# What this task involves
When you reach a picture, pass over it; otherwise repeat the listing word for word.

# Supplied information

• • • • •

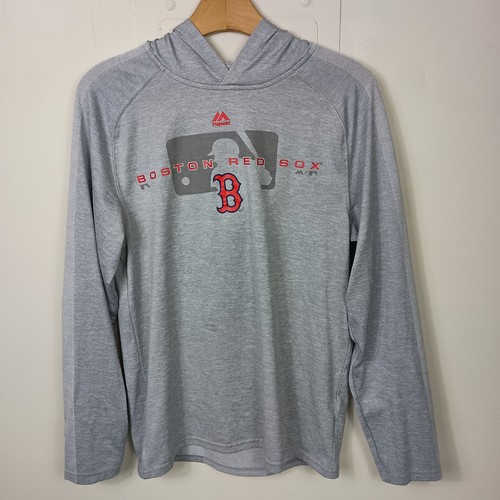 Camicia uomo boston red - boston, sox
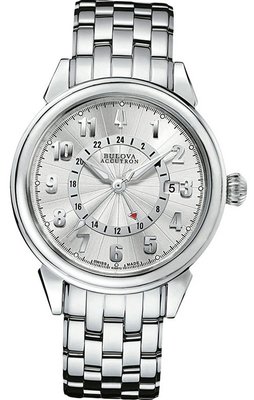 Bulova Accutron Accutron Gemini 63B013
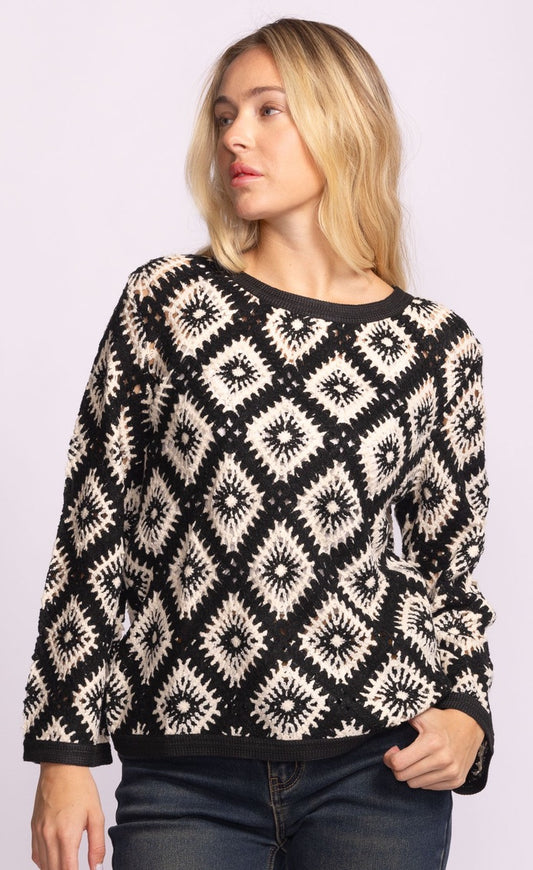 PM Dina Sweater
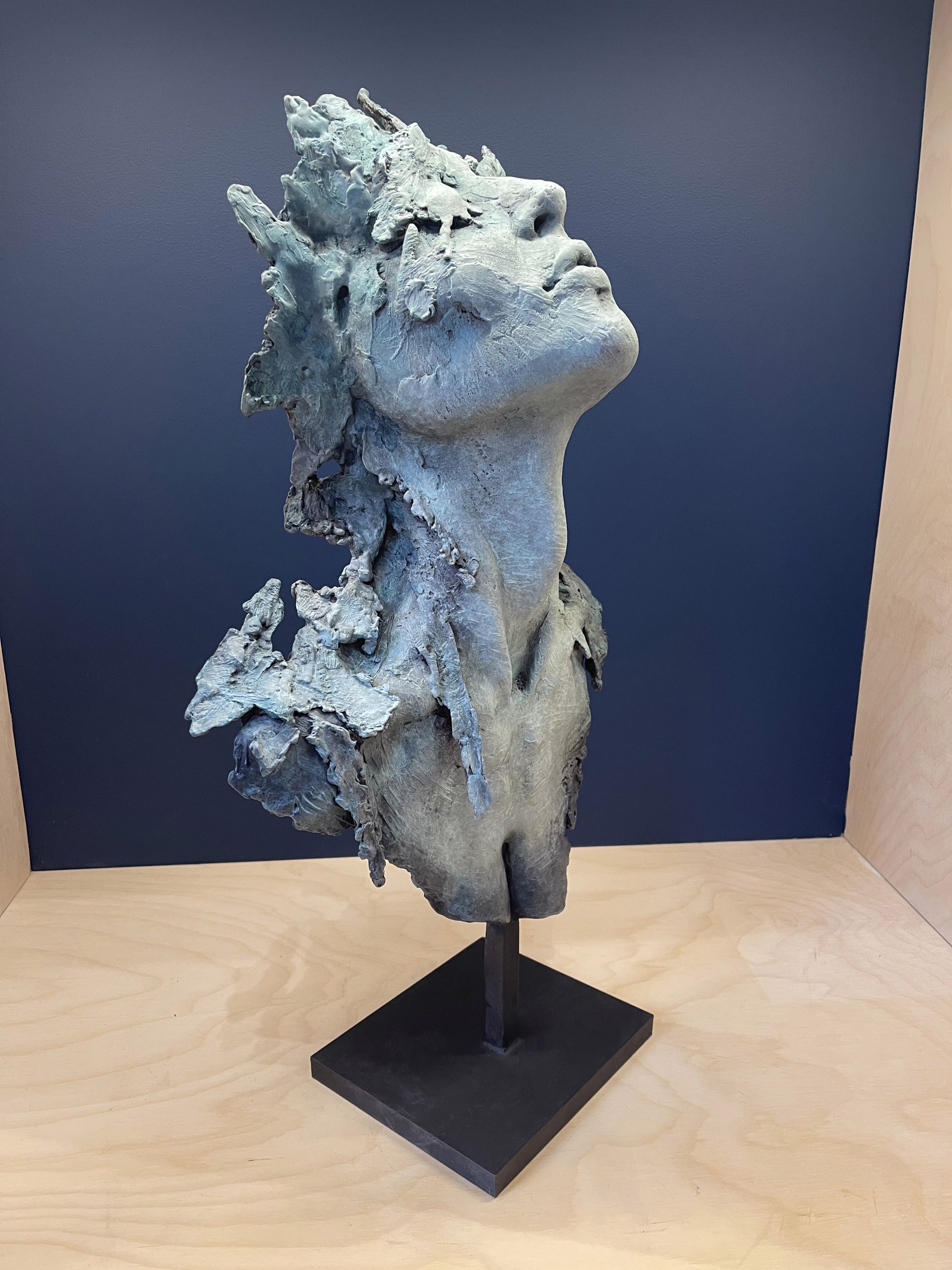 Coralia by Damon Price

• • • • •

# Task answer
 Camicia uomo boston red - boston, sox
 Bulova Accutron Accutron Gemini 63B013
 PM Dina Sweater
 Coralia by Damon Price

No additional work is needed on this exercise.